Democratic governor Andrew Cuomo has long pushed for this expansion, and upstate lawmakers have gone along. They view ride-sharing as a sort of economic boon, bringing with it thousands of jobs.
“Ride-sharing will mean more jobs, safer roads, and better transit options for my community and those like it across Upstate,” said state senator Rich Funke.
If only that were true.
Across the country, Uber has created such reliable jobs that drivers are spending nights in parking lots, sleeping in their cars. Lyft is celebrating a driver who continued to work while she went into labor. Even these jobs, insufficient to meet the needs of workers, are tenuous, given the companies’ public desire to replace its drivers with autonomous cars in the near future.

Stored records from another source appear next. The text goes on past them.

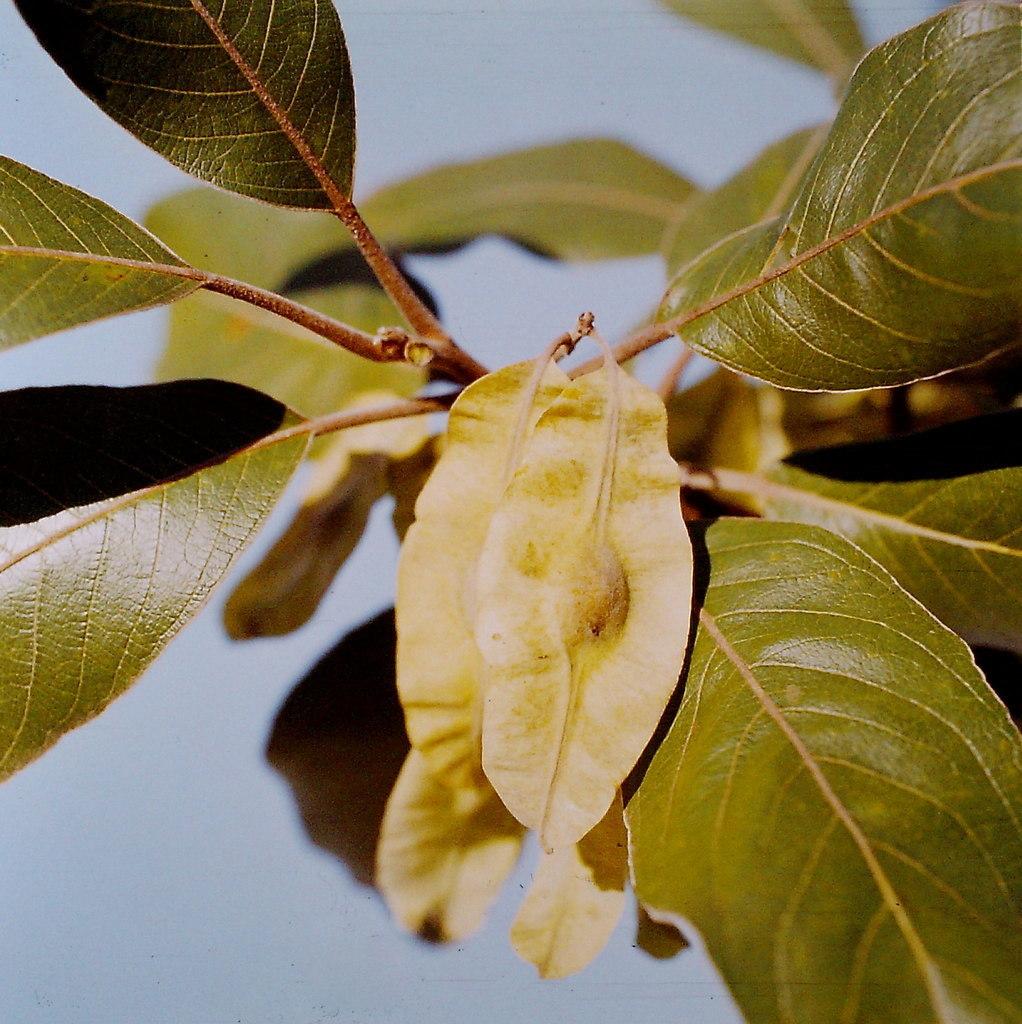 Terminalia mollis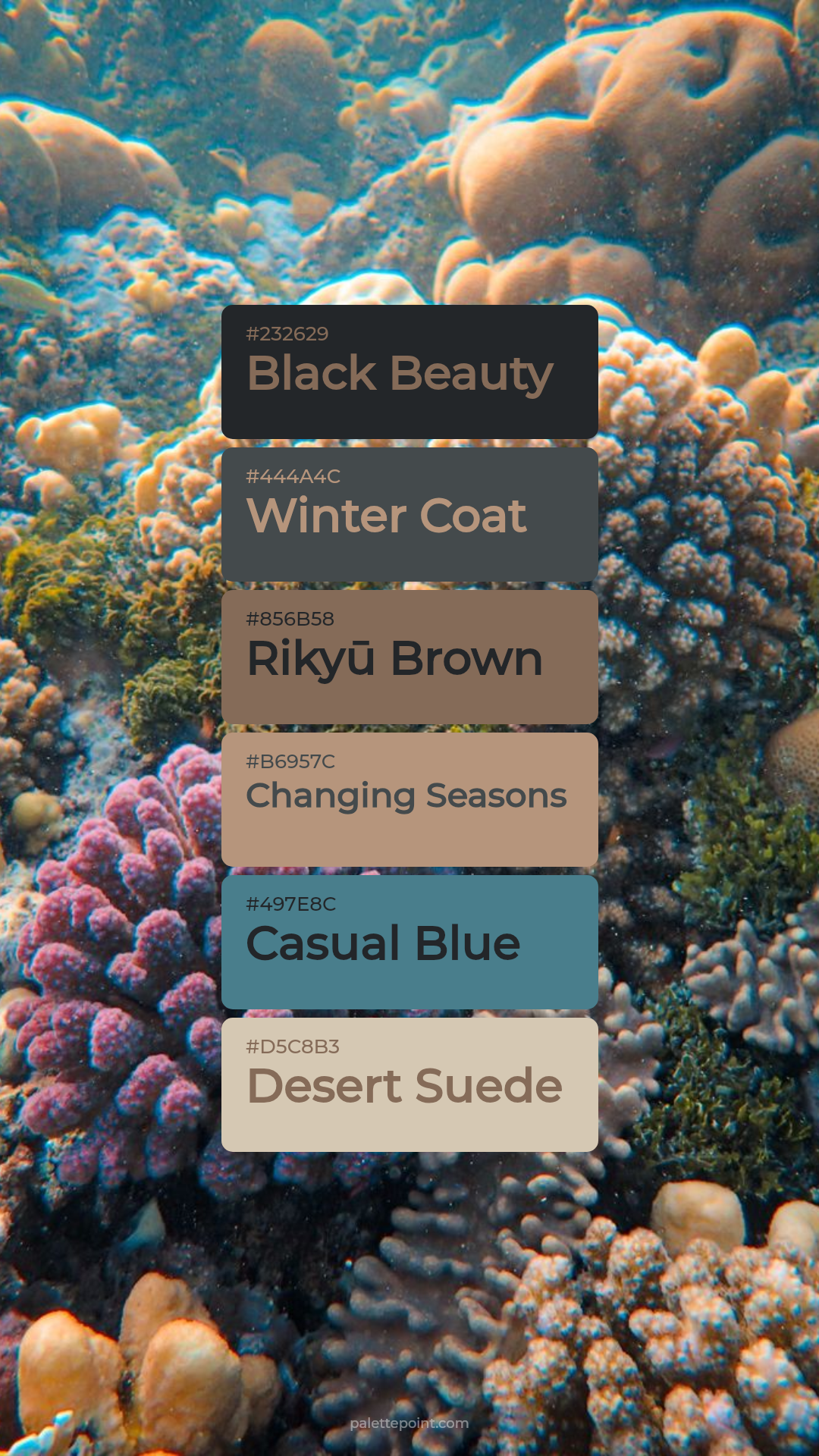 Black Beauty Tones palette card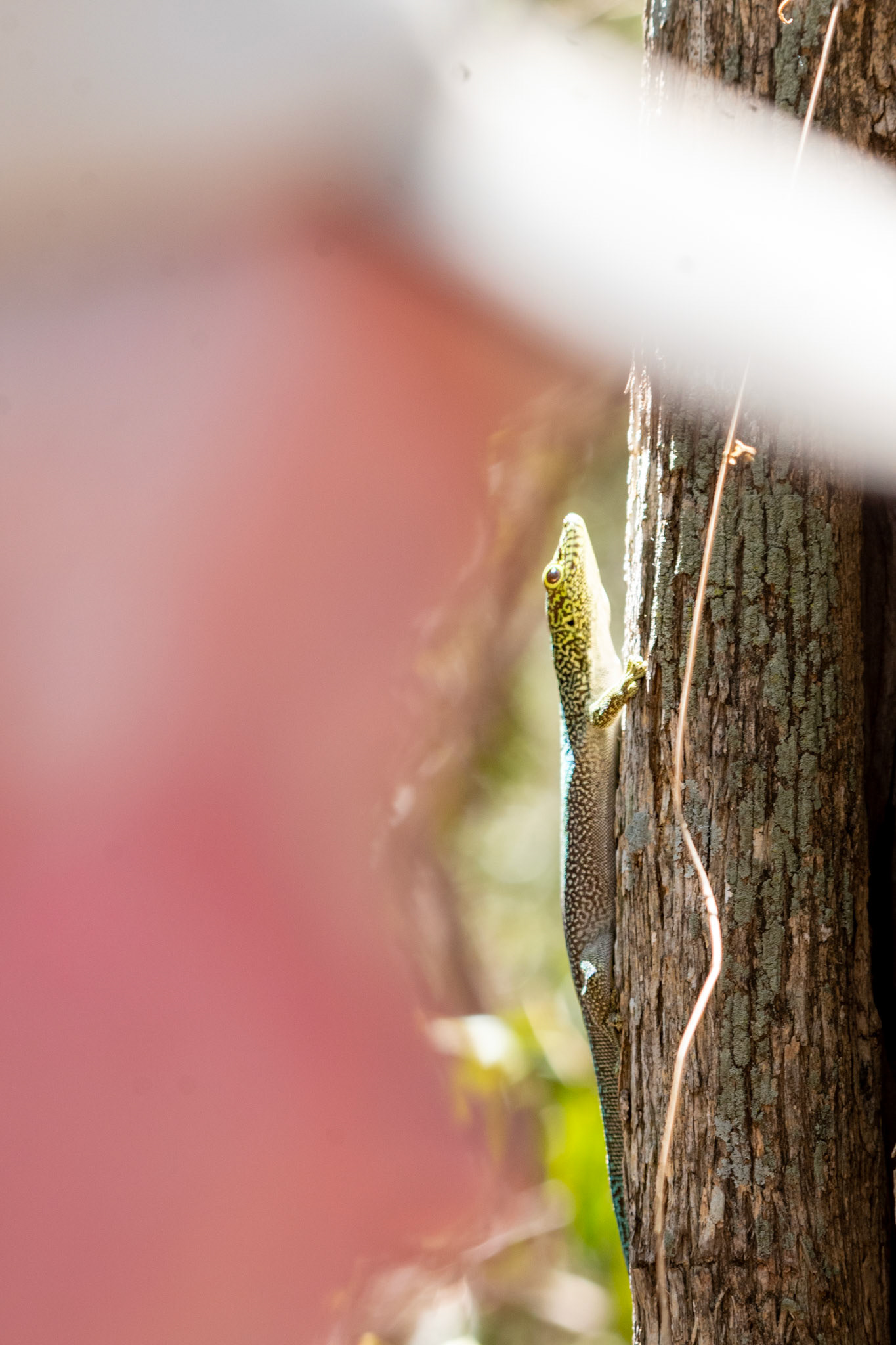 Banded Day Gecko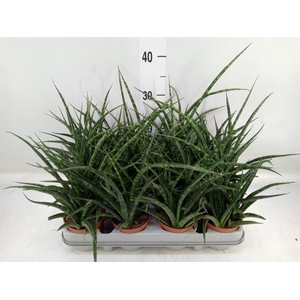 Sansevieria  'Fernwood'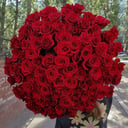 Букет из 101 красной розы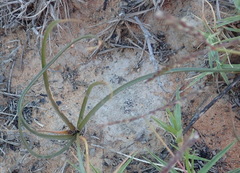Dipcadi brevifolium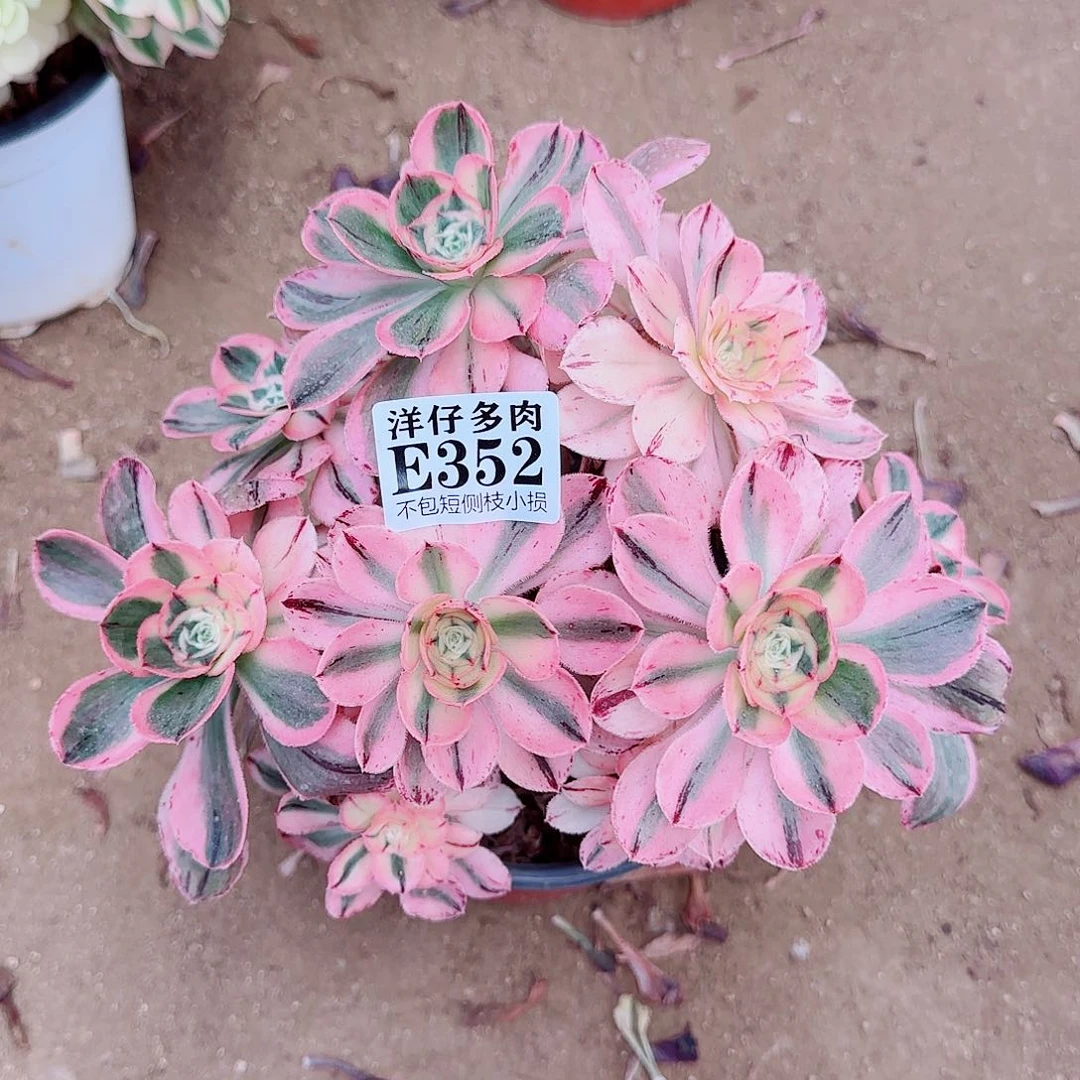 352燕姿 冠幅20左右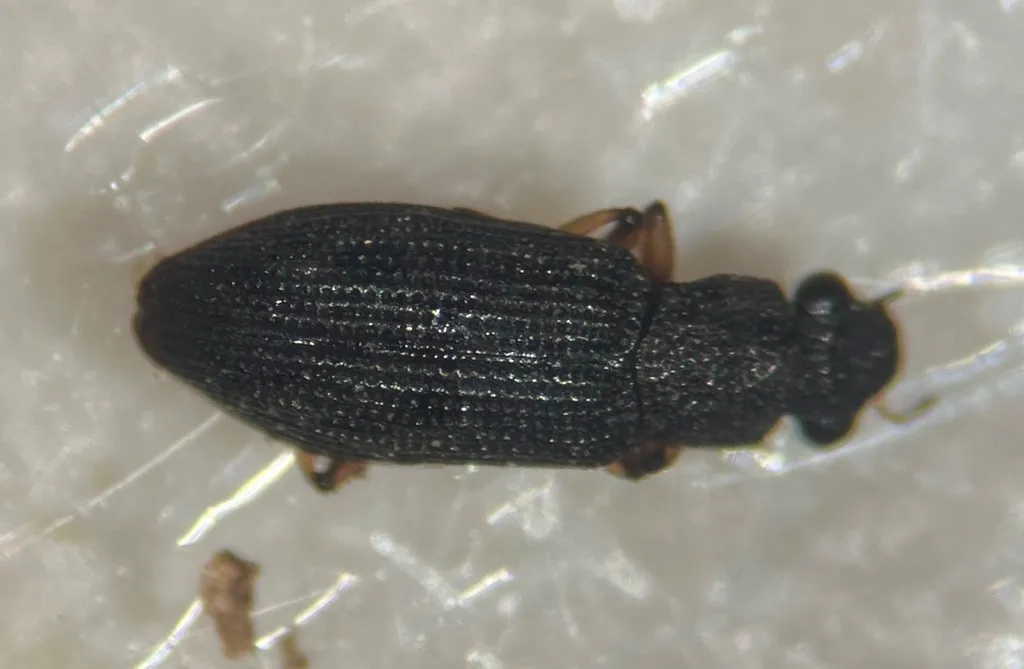 Hydrochus schereri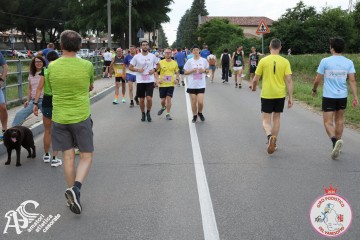 IMG_3336.jpg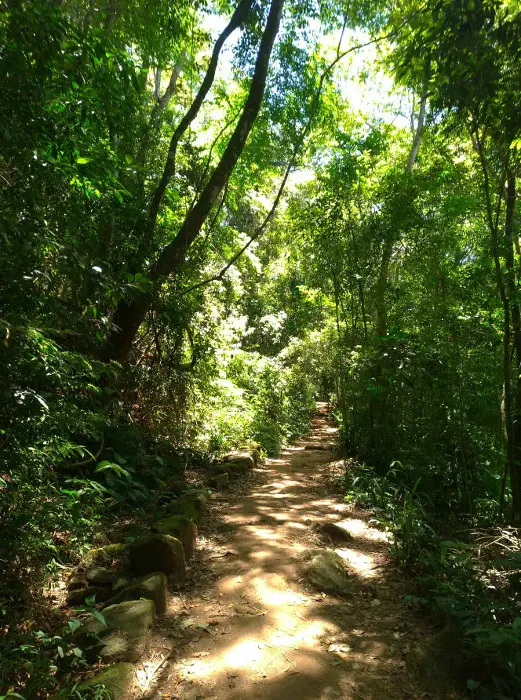 Trilha da Pedra Bonita.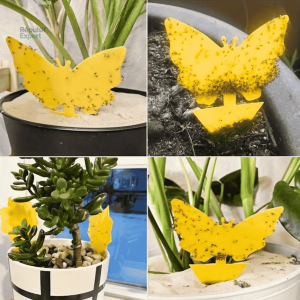 Solution efficace contre les moucherons pour vos plantes d'intérieur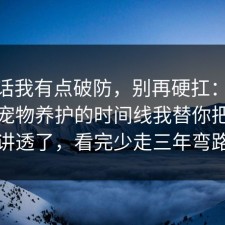 说实话我有点破防，别再硬扛：91爆料网宠物养护的时间线我替你把流程讲透了，看完少走三年弯路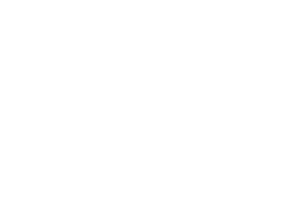 logo {{@index}}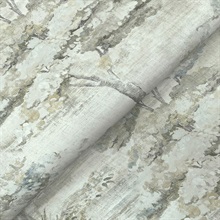 Moreno Slate Woodland Wallpaper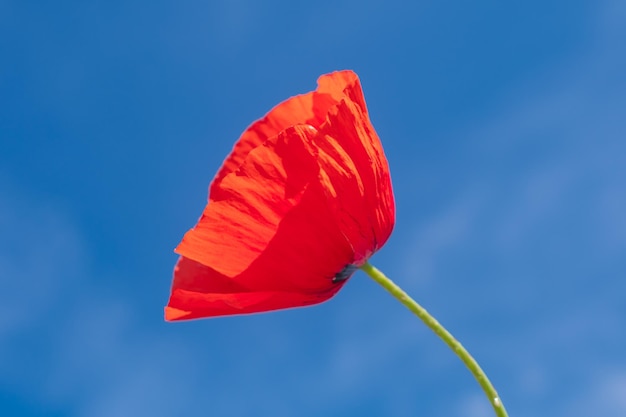 Foto foto van een rode papaver close-up tegen een achtergrond van blauwe hemel rode bloem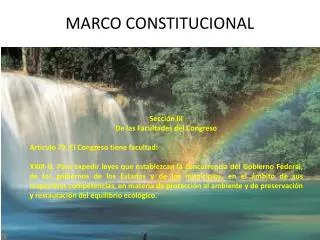 marco constitucional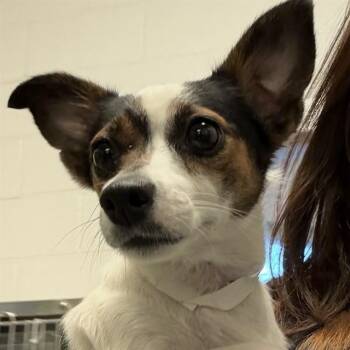 HYBRID -  Chihuahua Dog for Adoption in Rancho Cucamonga, California - HYBRID | PetCurious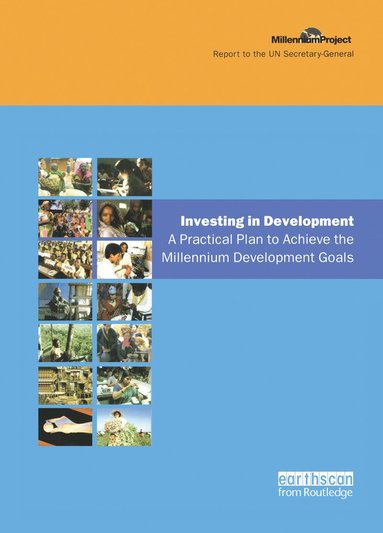 bokomslag UN Millennium Development Library: Investing in Development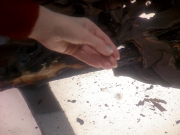 Filename=extant_StarTrek_DS9_5x11-TheDarknessAndTheLight_01037.jpg
Filesize=218KiB
Dimensions=1200x900
Date added=Dec 13, 2019 extant_StarTrek_DS9_5x11-TheDarknessAndTheLight_01037.jpg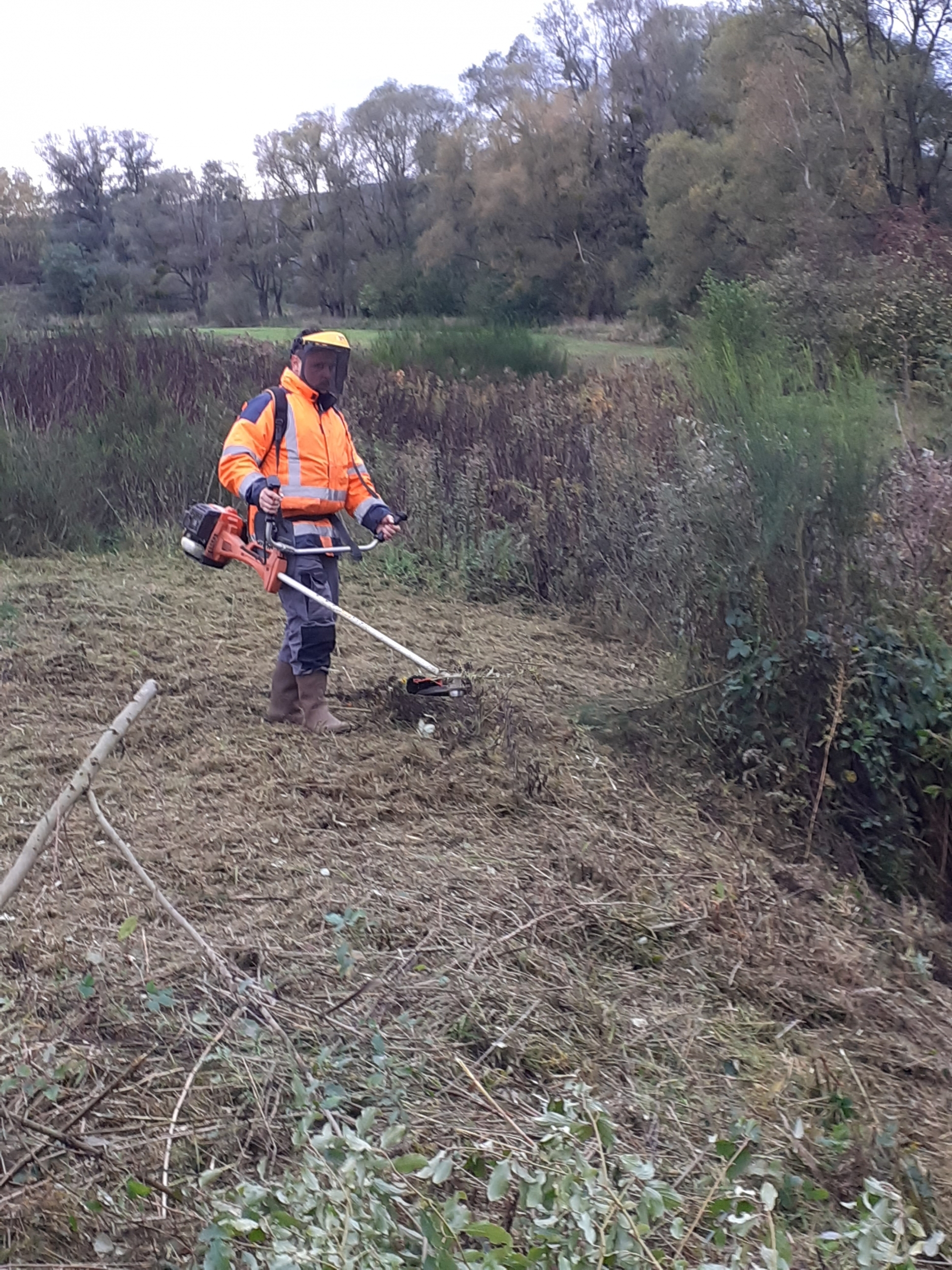 Débroussaillage 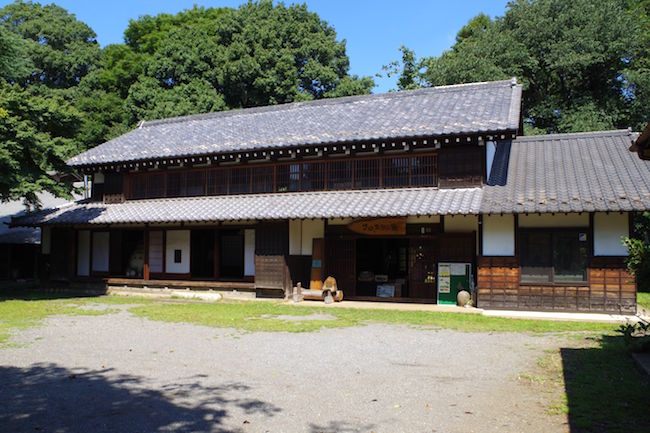 ほんとにトトロいたんだもん。埼玉に実在する「トトロの森」に潜入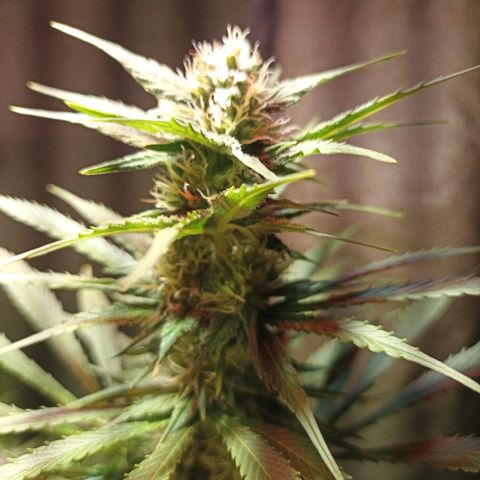 Black Domina growlog timeline photo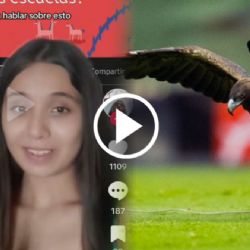 ¿Amor al Club América? Aguideame habla del FANATISMO de su familia a las Águilas y su POLÉMICO nombre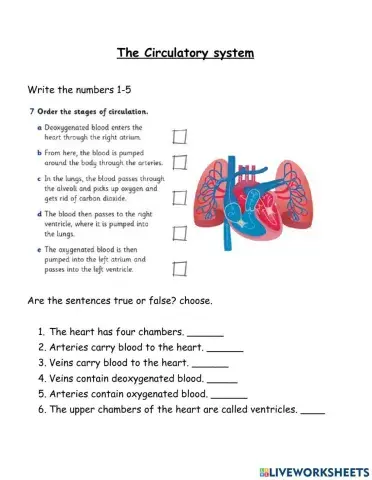 The circulatory system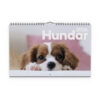 Väggkalender Hundar Medium 2026 omslag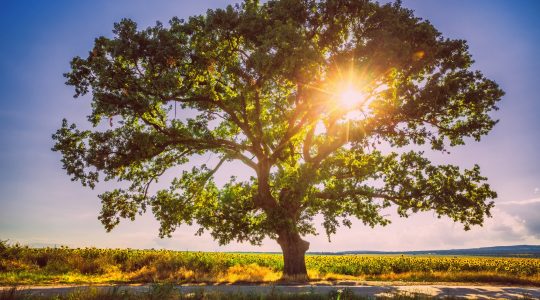 Árbol de la esperanza, mantente firme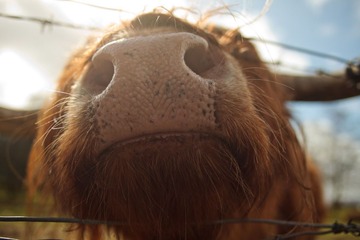 Cow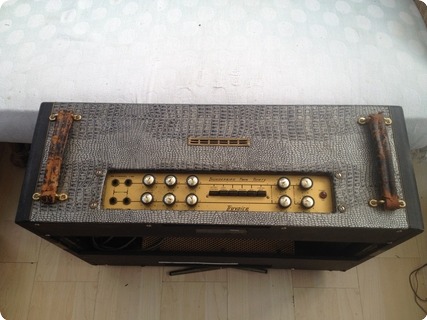 Selmer Uk Thunderbird Twin Thirty 1963 Croc Skin/black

Ride-sharing companies and the rest of the so-called gig economy tout the flexibility and choice they offer their workers. But this is a freedom hamstrung by limited job options in a struggling economy and exploitative deals where drivers’ income goes directly to the company in exchange for an onerous loan. The real choices here are enjoyed by the companies, who are free to choose not to provide a living wage, not to pay taxes towards public services, and not to ensure riders’ safety.
It is telling that one of the sticking points in the NY legislature’s efforts was whether ride-sharing companies should be required to provide workers’ comp. Uber’s desire not to pay the costs incurred by its injured workers is not incidental, but right in line with its corporate ethos. To the extent that these companies are profitable, it is through the exploitation of workers, and the avoidance of basic responsibilities that have traditionally fallen upon employers.
The freedom to sleep in a parking lot is not the sort of liberation upstate requires. What cities upstate need are robust public transit systems that serve the interests of communities rather than the bottom lines of California tech giants. That is the route to improved safety and choices for upstate.
At a time when millennials are increasingly foregoing the expenses of car ownership, a lack of public transit is a generational issue. Young people are seeking out cities where they can get around without having to drive. Uber should not be their only option.
If it is inevitable that Uber and Lyft will arrive Upstate, the taxes taken from them should go directly towards public alternatives in transportation. Existing services, like RTS here in Rochester, have limited funding and limited routes that leave many in the area unable to make use of them. Larger cities like NYC have the tax bases to properly fund-public transit, but Upstate is currently caught in a sort of limbo.
Improved public transportation would achieve many of the claimed benefits of ride-sharing without sacrificing rider safety or workers’ rights. Additionally, it would do so with fewer carbon emissions, less impact on traffic, and cheaper commutes for riders. And the money generated from it would stay in Upstate, rather than being siphoned off as profits for Bay Area techies.